In “Aggregation08-M002 Blue,” a large (212 centimeters by 402 centimeters, or 7 feet by 13 feet) mixed media work, the artist created a pool of shaded indigo blue in the largest of the lunar-like craters. In “Aggregation 08-JU011,” he used rusty reds and mustard yellows to give added texture to the collection of wrapped triangles of varying shapes and sizes, while in the 3.2-meter-tall “Aggregation08-JU012,” a free-standing sculpture, the mushroom-like shape has tints of yellow, black, brown and red. The colors are not applied onto the finished surface; instead, each triangle is separately dyed “so that the color is imbedded into the depths of the painting,” the artist explained.

Furthermore, for these new works, Chun has been using only natural colors extracted from fruit (green persimmon), flowers (gardenia seeds) and leaves, as well as black tea, yellow earth and chestnut shells. “Most of colors I have used are from polyganum indigo,” Chun said. “We can get red and brown colors from the fruits and flowers of polyganum and its leaves are used for blue.”

Chun’s preference for using natural dyes and handmade mulberry paper was born from childhood memories of his uncle’s pharmacy, where small medicinal herb parcels that were similarly wrapped with paper and hung in tight clusters from the ceiling in order to protect them from insects. “I love nature and I want to live my life in harmony with nature,” he said. “Our ancestors lived modestly and simply, and thought all lives should be respected. “I hope my work can take this traditional Korean message forward to modern society.”

Though the use of mulberry paper gives his work a traditional grounding, his combinations, or “aggregations,” of geometrical shapes make his work very contemporary. At the National Museum of Contemporary Art in Seoul, one of
Chun’s art pieces is shown in the same room as works by Niki de Saint Phalle, Richard Deacon and Tony Cragg. Chun’s work “stems from traditional Korean culture, but transcends being purely Asian,” said Richard Klein, the curator of the Aldrich Contemporary Art Museum, in an e-mail. “He has been influential to a younger generation of artists and successful in projecting traditional concerns to a broader, more international audience.”

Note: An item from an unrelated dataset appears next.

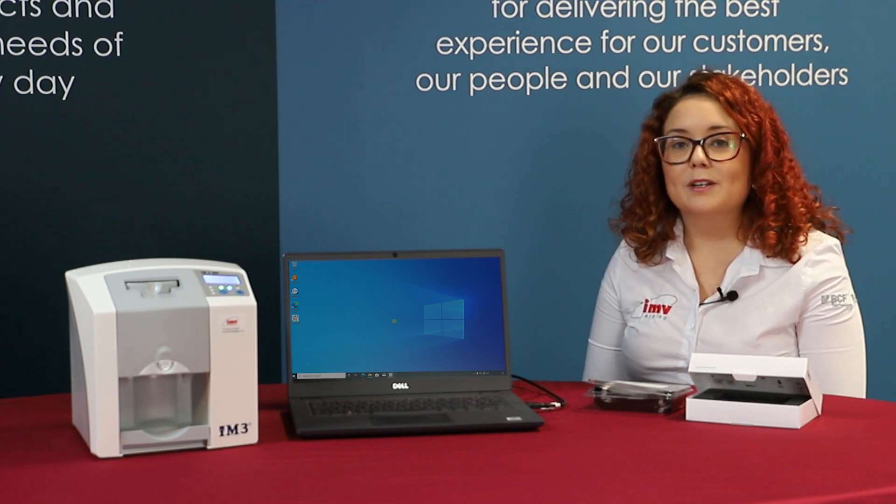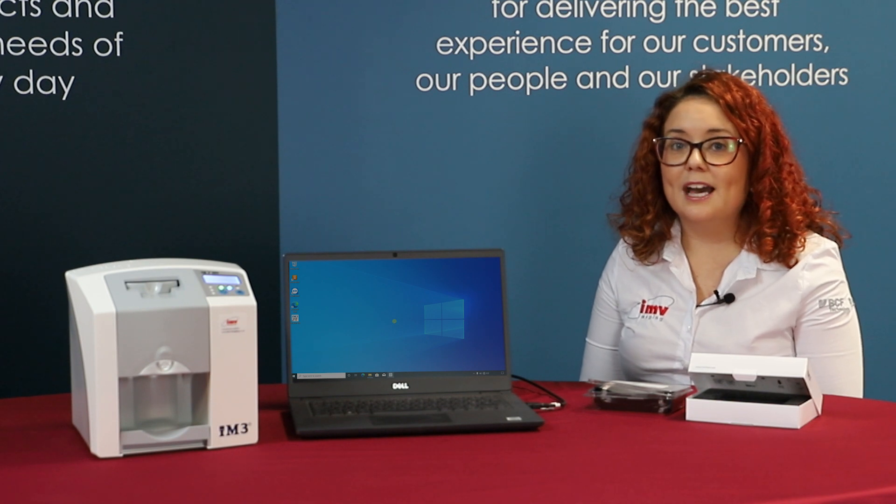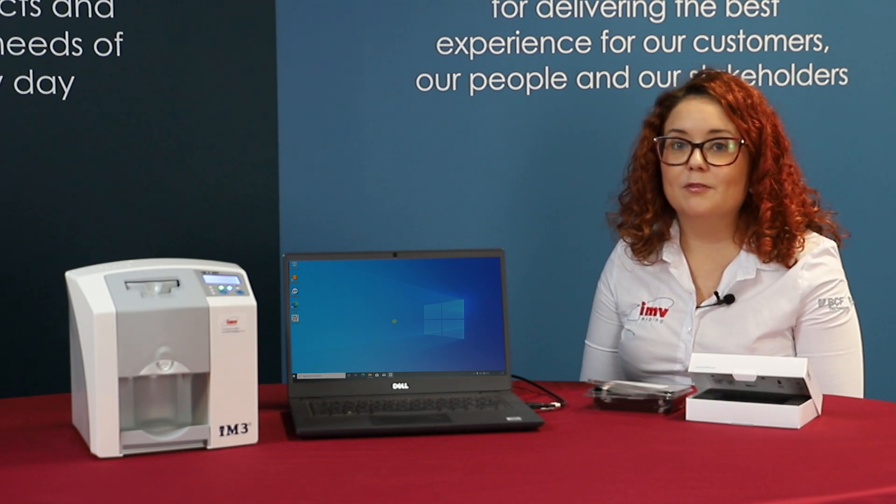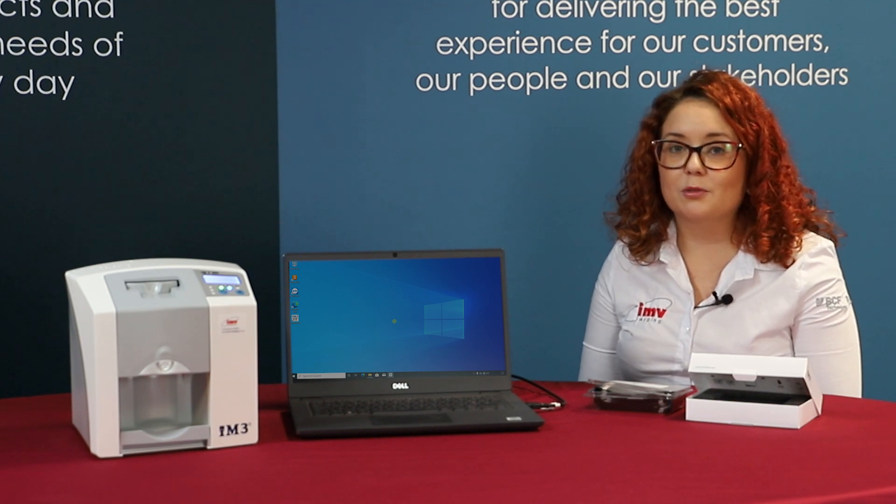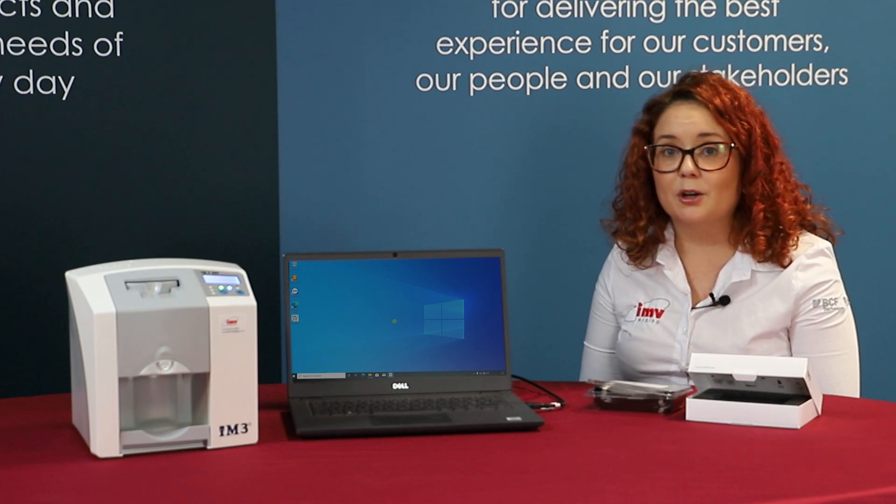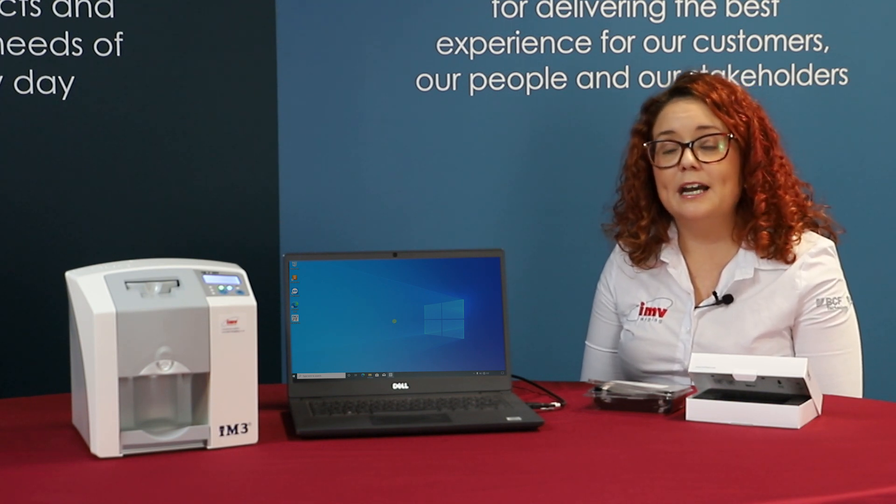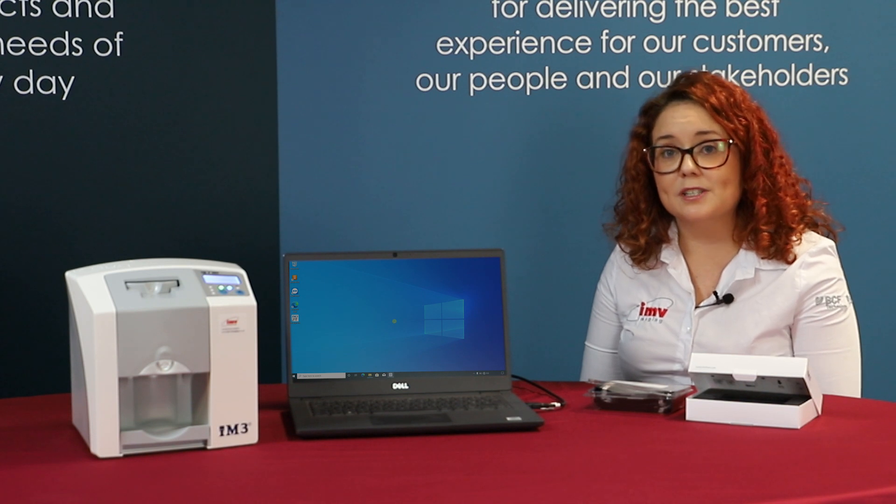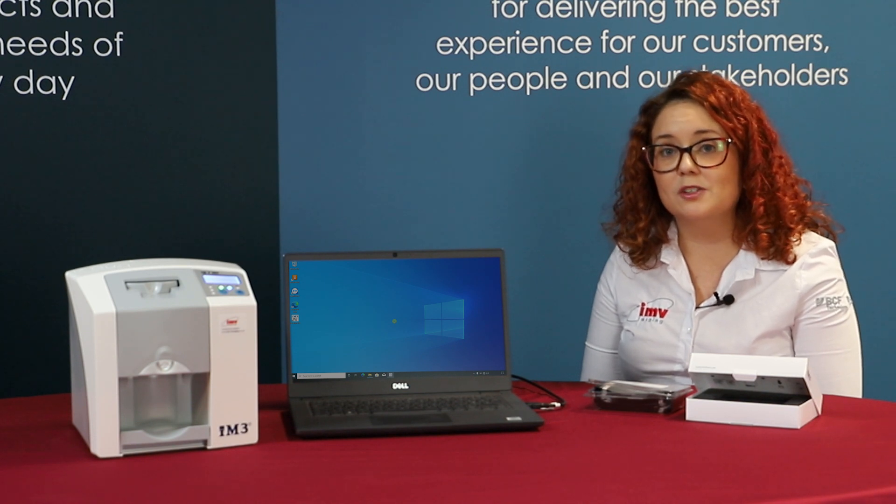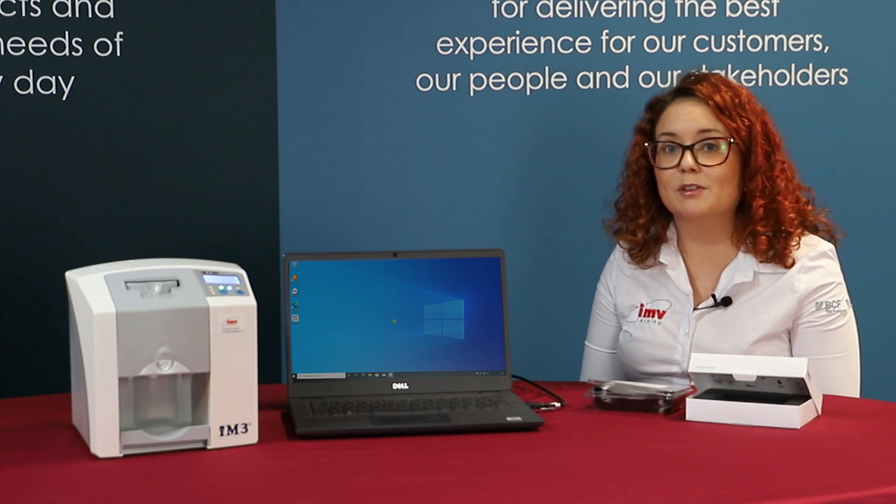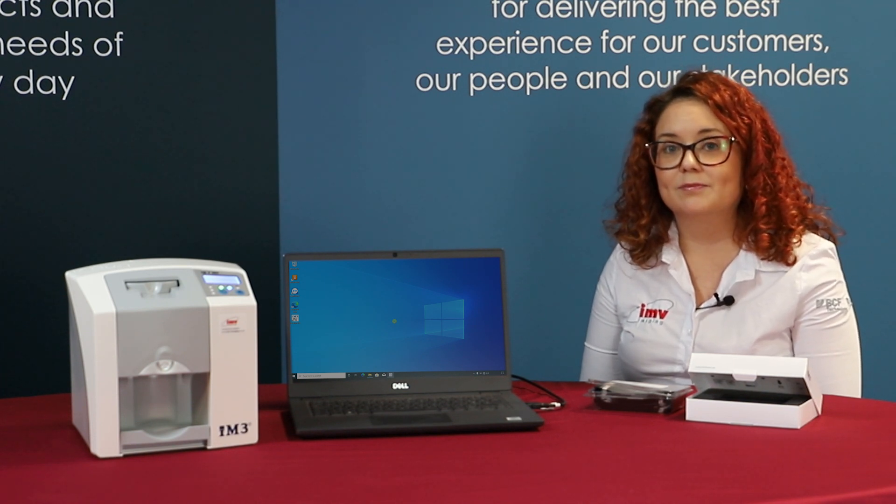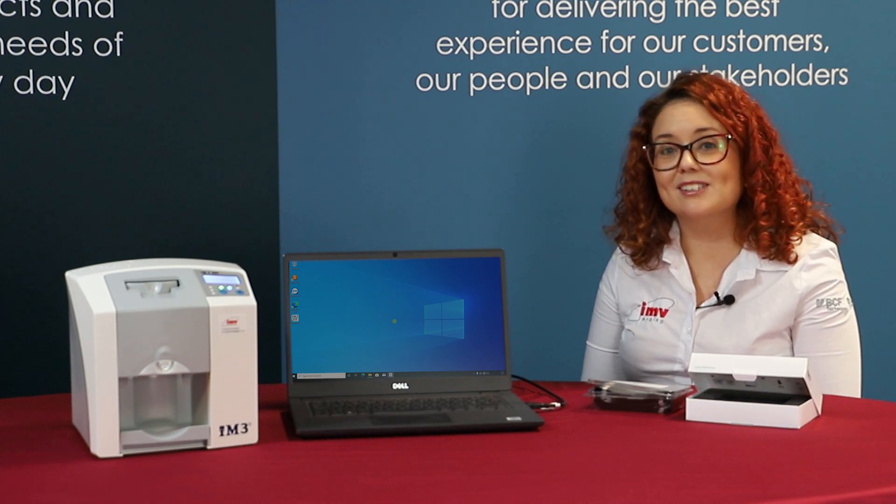Welcome to the IM3 dental how-to video series. First, we're going to start with how to set up your Vet Exam software on your laptop and then how to process your dental plates using the CR7 processor. Let's make a start.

Chun’s printed words, Klein added, become buried “so that the work resembles organic forms that often grow up from the ground. These crystallized boulders and monumental pods with irregular surfaces reference the natural landscape, which is deeply imbedded in Korean art history, but are created from man-made modules made from both vintage and modern materials.”

Chun said the piece he’s working on now for the Aldrich museum, another tall sculpture, will be a calmer version of previous pods he has made. “This piece will be about expressing the power of our ancestors’ spirit, but also a reflection on a painful modern society,” he said. Reflecting on his current transition toward using more color in his work, Chun said: “As an artist I don’t want to stand still. I’m very happy that people want to buy my work but I don’t want to stay in one place, I want to move forward, all the time changing.”